As for different speech extraction circumstances, we conducted experiments involving different genders. The EGG method achieved a better performance in most situations, especially when the target speaker and interference speaker were of the same gender. In the female-female situation, the network using EGGs achieved a 2 dB increase, while a 1 dB increase was achieved in the male-male situation. In terms of speech extraction performance involving speakers of the same gender, the Pre_EGG_Aux network achieved a similar level to that involving different genders. As shown above, when dealing with female speech extraction, the network using EGG signals achieved better results, which meant that the EGG signals from female speaker were easier to recognize than those of male speakers.

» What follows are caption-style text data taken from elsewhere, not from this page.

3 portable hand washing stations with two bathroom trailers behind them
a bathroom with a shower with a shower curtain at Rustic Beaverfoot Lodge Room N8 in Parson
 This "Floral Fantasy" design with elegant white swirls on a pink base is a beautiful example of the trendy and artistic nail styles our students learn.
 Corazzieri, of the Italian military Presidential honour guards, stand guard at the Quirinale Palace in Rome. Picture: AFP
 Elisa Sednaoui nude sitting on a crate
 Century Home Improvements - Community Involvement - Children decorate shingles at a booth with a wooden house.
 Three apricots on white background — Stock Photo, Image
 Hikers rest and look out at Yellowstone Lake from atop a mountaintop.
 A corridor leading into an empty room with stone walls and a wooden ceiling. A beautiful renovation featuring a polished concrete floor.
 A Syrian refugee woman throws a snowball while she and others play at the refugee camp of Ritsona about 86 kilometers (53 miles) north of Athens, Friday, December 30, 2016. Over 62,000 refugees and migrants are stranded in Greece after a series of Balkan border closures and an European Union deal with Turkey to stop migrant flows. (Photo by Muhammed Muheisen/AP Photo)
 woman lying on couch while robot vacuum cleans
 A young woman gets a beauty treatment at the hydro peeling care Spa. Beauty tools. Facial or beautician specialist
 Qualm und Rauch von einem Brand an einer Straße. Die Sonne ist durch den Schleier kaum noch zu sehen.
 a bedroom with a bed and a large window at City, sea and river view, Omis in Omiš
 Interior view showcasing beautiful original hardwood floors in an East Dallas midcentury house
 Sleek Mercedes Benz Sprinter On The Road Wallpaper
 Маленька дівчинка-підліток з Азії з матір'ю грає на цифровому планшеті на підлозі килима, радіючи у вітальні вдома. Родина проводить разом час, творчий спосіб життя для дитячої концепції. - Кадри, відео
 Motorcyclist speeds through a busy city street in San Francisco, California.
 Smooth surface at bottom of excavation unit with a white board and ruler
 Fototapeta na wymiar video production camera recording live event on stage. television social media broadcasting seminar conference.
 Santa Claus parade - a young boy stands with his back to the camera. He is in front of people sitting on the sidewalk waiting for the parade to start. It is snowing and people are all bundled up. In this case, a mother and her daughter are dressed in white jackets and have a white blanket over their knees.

To verify the performance of our model under different SNRs, we mixed samples from the datasets using different amplitude spectrograms and compared the results for SNRs ranging from −5 dB to 5 dB. As shown in the Results Section, the SISDRi was 8.70 dB when the SNR was set as −5 dB, while the SISDRi was 4.97 dB when the SNR was set as 5 dB. These results suggested that our model had a better speech extraction performance in noisier environments.